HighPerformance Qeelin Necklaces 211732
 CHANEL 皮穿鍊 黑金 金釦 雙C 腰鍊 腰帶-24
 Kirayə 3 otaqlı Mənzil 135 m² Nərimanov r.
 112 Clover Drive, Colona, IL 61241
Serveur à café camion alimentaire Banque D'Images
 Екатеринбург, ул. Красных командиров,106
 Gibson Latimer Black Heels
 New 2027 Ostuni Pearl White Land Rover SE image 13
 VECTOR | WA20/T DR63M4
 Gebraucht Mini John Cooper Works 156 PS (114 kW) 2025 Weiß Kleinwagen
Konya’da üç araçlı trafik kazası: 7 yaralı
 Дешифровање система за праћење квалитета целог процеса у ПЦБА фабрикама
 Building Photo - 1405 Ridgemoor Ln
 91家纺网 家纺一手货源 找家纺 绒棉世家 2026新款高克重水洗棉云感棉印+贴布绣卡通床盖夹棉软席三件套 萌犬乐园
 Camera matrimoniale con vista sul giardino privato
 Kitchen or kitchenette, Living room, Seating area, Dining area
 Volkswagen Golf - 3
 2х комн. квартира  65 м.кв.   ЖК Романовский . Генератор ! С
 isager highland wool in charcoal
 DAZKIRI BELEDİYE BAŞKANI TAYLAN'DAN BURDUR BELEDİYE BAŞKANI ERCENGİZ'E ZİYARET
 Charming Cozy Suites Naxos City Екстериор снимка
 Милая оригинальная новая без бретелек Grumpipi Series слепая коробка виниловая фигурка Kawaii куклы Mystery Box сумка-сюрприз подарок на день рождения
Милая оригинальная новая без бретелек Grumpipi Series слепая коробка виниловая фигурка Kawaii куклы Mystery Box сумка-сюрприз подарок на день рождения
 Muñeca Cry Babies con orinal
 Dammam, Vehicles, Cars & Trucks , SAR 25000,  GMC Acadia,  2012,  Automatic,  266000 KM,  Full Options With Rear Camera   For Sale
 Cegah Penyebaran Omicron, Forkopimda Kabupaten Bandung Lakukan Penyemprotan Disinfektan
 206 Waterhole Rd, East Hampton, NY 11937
::::
• Instructions for the task
From the first line to the last, output the records word for word.

• Result
HighPerformance Qeelin Necklaces 211732
 CHANEL 皮穿鍊 黑金 金釦 雙C 腰鍊 腰帶-24
 Kirayə 3 otaqlı Mənzil 135 m² Nərimanov r.
 112 Clover Drive, Colona, IL 61241
Serveur à café camion alimentaire Banque D'Images
 Екатеринбург, ул. Красных командиров,106
 Gibson Latimer Black Heels
 New 2027 Ostuni Pearl White Land Rover SE image 13
 VECTOR | WA20/T DR63M4
 Gebraucht Mini John Cooper Works 156 PS (114 kW) 2025 Weiß Kleinwagen
Konya’da üç araçlı trafik kazası: 7 yaralı
 Дешифровање система за праћење квалитета целог процеса у ПЦБА фабрикама
 Building Photo - 1405 Ridgemoor Ln
 91家纺网 家纺一手货源 找家纺 绒棉世家 2026新款高克重水洗棉云感棉印+贴布绣卡通床盖夹棉软席三件套 萌犬乐园
 Camera matrimoniale con vista sul giardino privato
 Kitchen or kitchenette, Living room, Seating area, Dining area
 Volkswagen Golf - 3
 2х комн. квартира  65 м.кв.   ЖК Романовский . Генератор ! С
 isager highland wool in charcoal
 DAZKIRI BELEDİYE BAŞKANI TAYLAN'DAN BURDUR BELEDİYE BAŞKANI ERCENGİZ'E ZİYARET
 Charming Cozy Suites Naxos City Екстериор снимка
 Милая оригинальная новая без бретелек Grumpipi Series слепая коробка виниловая фигурка Kawaii куклы Mystery Box сумка-сюрприз подарок на день рождения
Милая оригинальная новая без бретелек Grumpipi Series слепая коробка виниловая фигурка Kawaii куклы Mystery Box сумка-сюрприз подарок на день рождения
 Muñeca Cry Babies con orinal
 Dammam, Vehicles, Cars & Trucks , SAR 25000,  GMC Acadia,  2012,  Automatic,  266000 KM,  Full Options With Rear Camera   For Sale
 Cegah Penyebaran Omicron, Forkopimda Kabupaten Bandung Lakukan Penyemprotan Disinfektan
 206 Waterhole Rd, East Hampton, NY 11937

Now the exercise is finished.